* AIM OF THE EXERCISE
Copy nothing but the lines from the line with "4418 Willow Shade" to the end of the records, retyped exactly. Pictures stay out.

== INPUT FOR THIS TASK ==

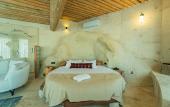 Туры в отель Vie Cappadocia - Adults Only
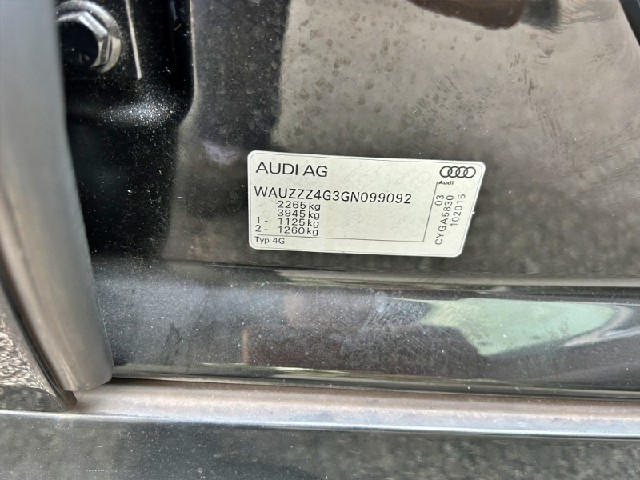 4a9d5d6a817e2a555006b3b90c4080c9.jpeg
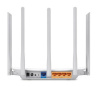 ROUTER-WIFI-ARCHER-C60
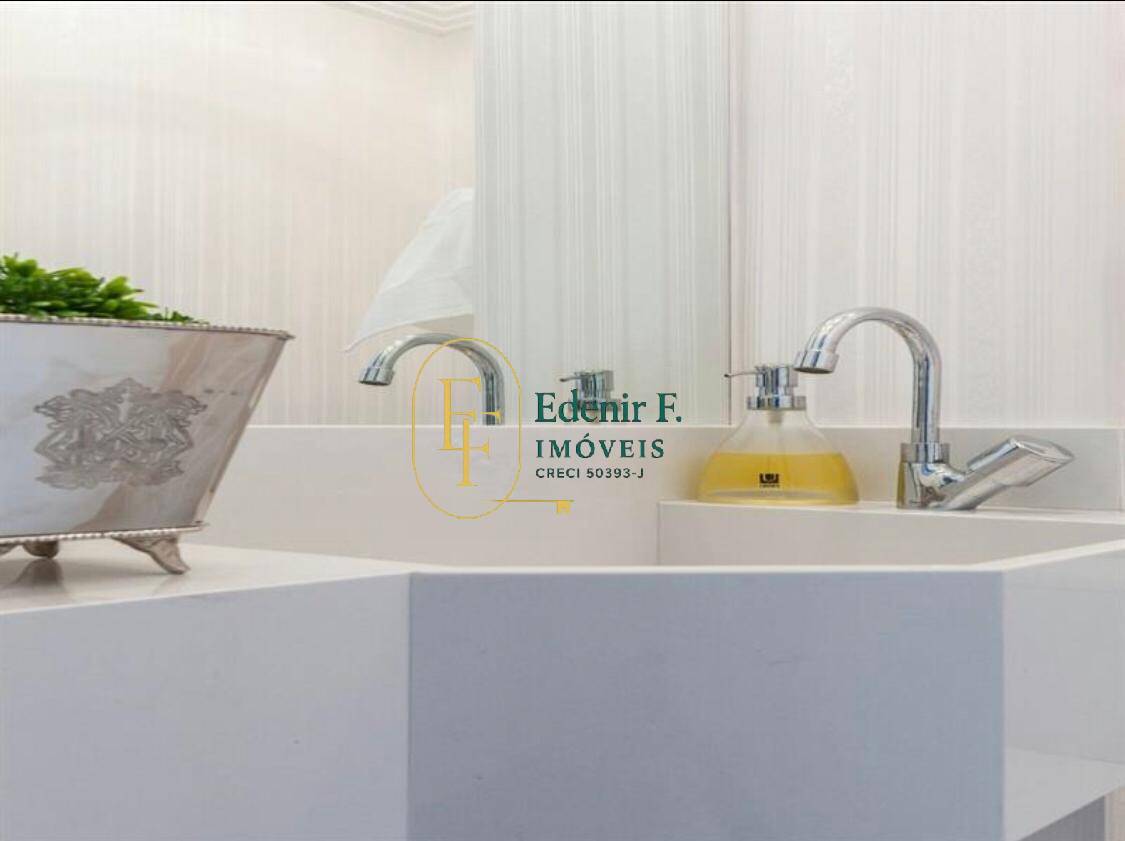 Apartamento, 4 quartos, 183 m² - Foto 31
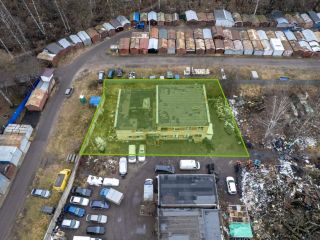 Продаю зем участок фото 6 Санкт-Петербург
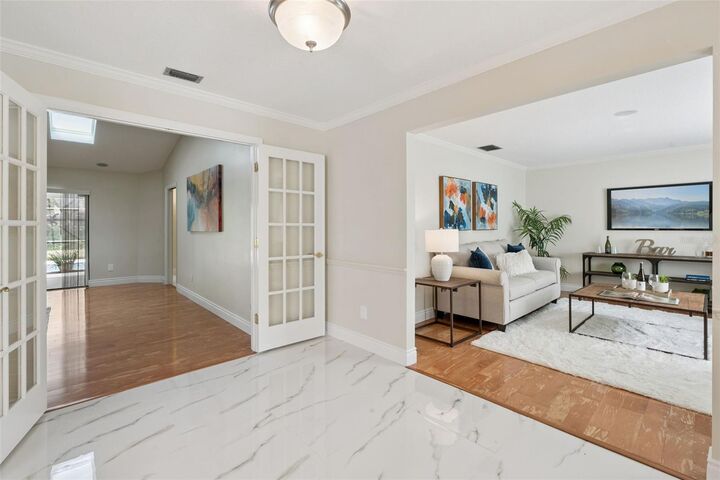 Property Photo:  4418 Willow Shade Court  FL 32835 
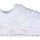 Sapatos Mulher Sapatilhas de corrida Joma RELILS2402 Branco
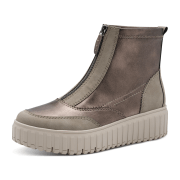 Jana Women Boots
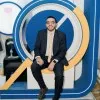 Abd El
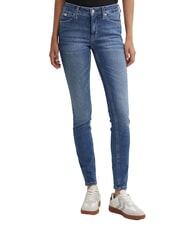 CALVIN KLEIN CK JEANS Jean skinny - Jeans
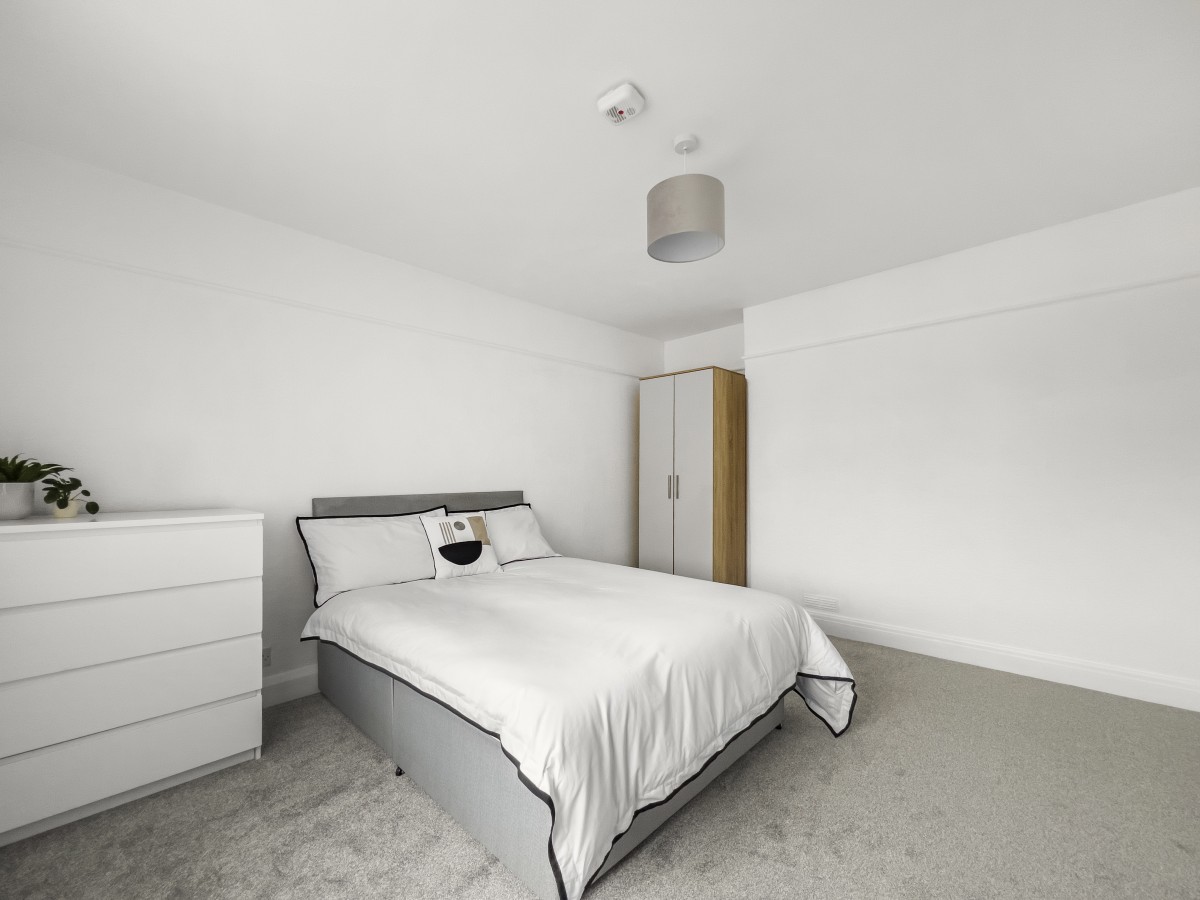 Images for Wigan Road, Ormskirk EAID:08687f08a08fe74e934a560e18eb0ef1 BID:1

===

* EXERCISE OUTPUT
 Property Photo:  4418 Willow Shade Court  FL 32835 
 Sapatos Mulher Sapatilhas de corrida Joma RELILS2402 Branco
 Jana Women Boots
 Abd El
 CALVIN KLEIN CK JEANS Jean skinny - Jeans
 Images for Wigan Road, Ormskirk EAID:08687f08a08fe74e934a560e18eb0ef1 BID:1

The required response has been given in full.